Exasperado ya y ansioso, traté de hacer que el muchacho se metiera mi verga en la boca para eyacular por fin, y él, con mejores reflejos que los míos, se me escabulló y, en su lugar, se me sentó encima, dándome la espalda, y clavó sólo mi verga entre las nalgas, causándome tal placer que me vertí casi al instante y aún mantuve la congestión para seguir gozándolo después, pues seguía moviéndose, y, llevado por su mano, agarrársela, notando que me resbalaba en la mía causándome una sensación extraña. El muchacho chillaba como una niña, y divertía mucho a doña Clarita, que mandó al otro para que me ofreciera la suya. Los sementales habían dejado a Andrea sobre la mesa, boca arriba y como muerta, y todo aquel marasmo se masturbaba sobre ella cubriéndola de esperma que caía en todos los lugares de su cuerpo y rezumaba de varios, sin que ella se inmutara. Cuando el muchacho que estaba de pie comenzó a disparar el suyo, impelido por no sé qué impulso atávico, me metí su polla en la boca y lo bebí mientras hacía yo lo propio por segunda vez en el otro al tiempo que sentía la suya palpitar imitándome, lo cual, para mi posterior desconcierto, pues en aquel momento era incapaz de pensar, me causó mucho placer.

-          ¡Vaya con Mateo, qué callado se lo tenía! ¡Así que también culitos de garzones!...

Sentado en la bañera tras la fiesta, frente a doña Clarita, que acariciaba mi verga con el pie mientras hacía chacota de aquella debilidad que había sufrido. Mi cabeza era un revoltillo que no conseguía ordenar.

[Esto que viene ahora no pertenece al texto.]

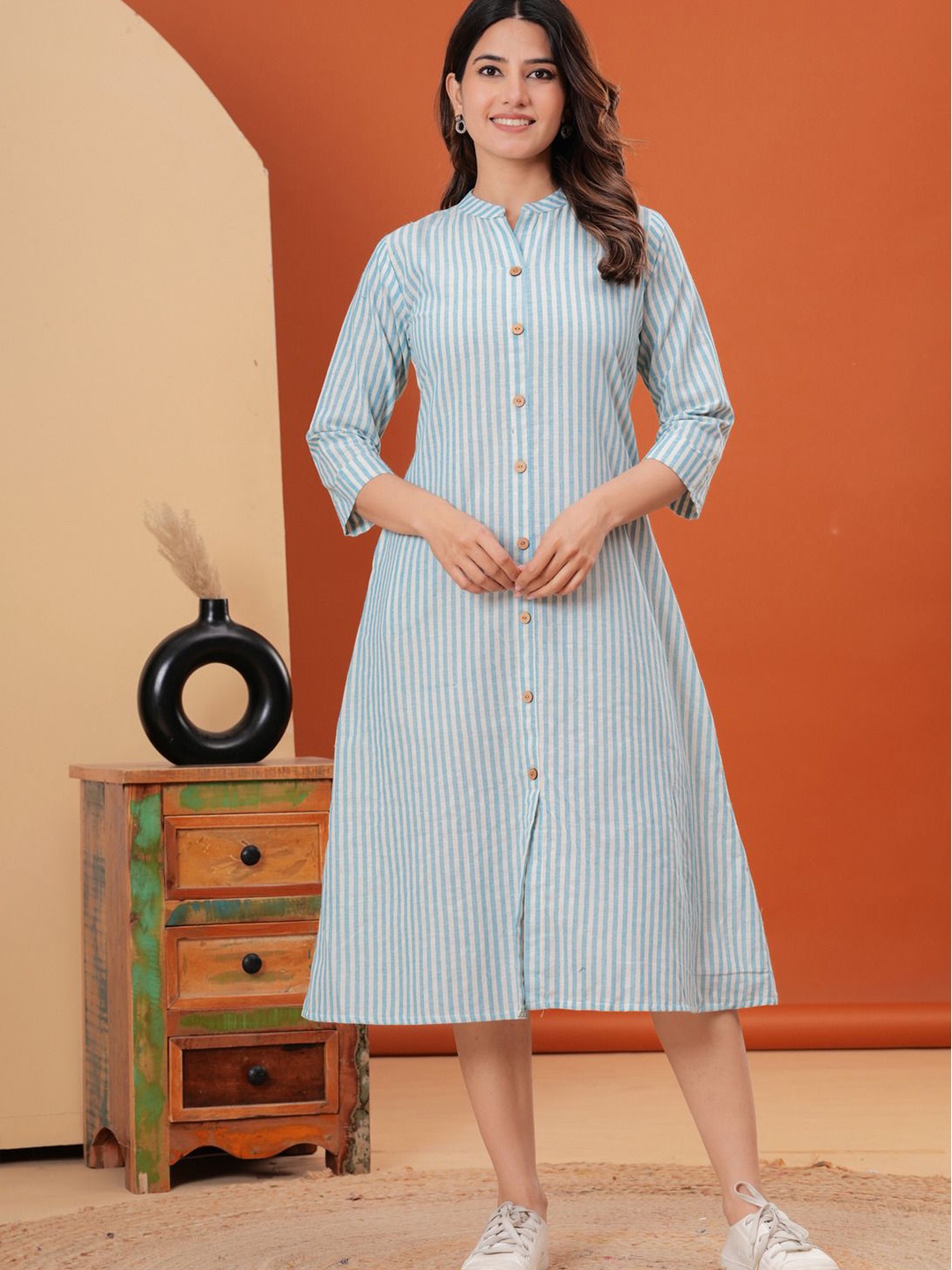 

Sarai Women Striped A-Line Fit & Flared Midi Cotton Dress, Blue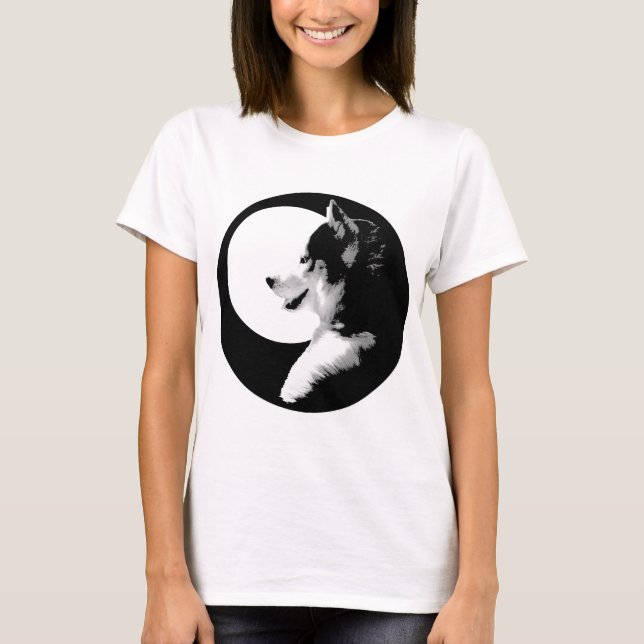 T-shirt Chemise Husky Femme Chirt Husky Wolf Plus Taille C (Devant)
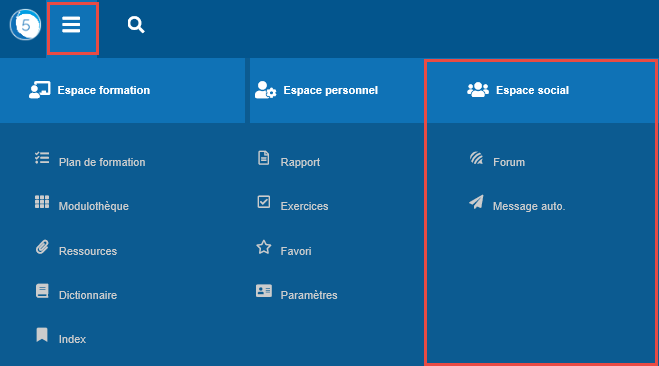 Cet espace est accessible depuis le menu Burger de myTeacher.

-          ¡Y una polla en la boca!

-          …

-          Ya sabía yo que íbamos a llevarnos bien.

-          …

-          No tenga duelo por ello. Mi difunto Blas, que no he conocido a otro hombre más hombre, también gustaba de los chiquillos.

-          …

-          ¡Mmmmmmm…! No le falta energía, no.

-          …

Así, empujando con el pie, como sin darle importancia ni dejar de charlar conmigo, me hizo correr de nuevo. Para mi extrañeza, si es que pudiera decirse que ya me extrañaba nada, al cerrar los ojos, se me llenó la cabeza de aquellas vergas lampiñas. Mi esperma formaba una nube en el agua, una masa filamentosa que parecía extenderse sin fin y dispersarse.

-          Bueno, pues ya está. Hágame el favor de vestirse y vuélvase usted a su casa si es tan amable, que me siento fatigada y quiero dormir un rato.

-          Como guste, Clarita.

-          Ya sabe: el miércoles a la misma hora.

Aquella sonrisa amable me dejó el corazón helado. Aquella noche, en mi casa, me fue difícil coger el sueño. Me costaba comprender porqué sus amenazas acicateaban de aquella manera mi deseo, igual que aquella distancia que mantenía entre nosotros. En el resto… en el resto prefería ni pensar.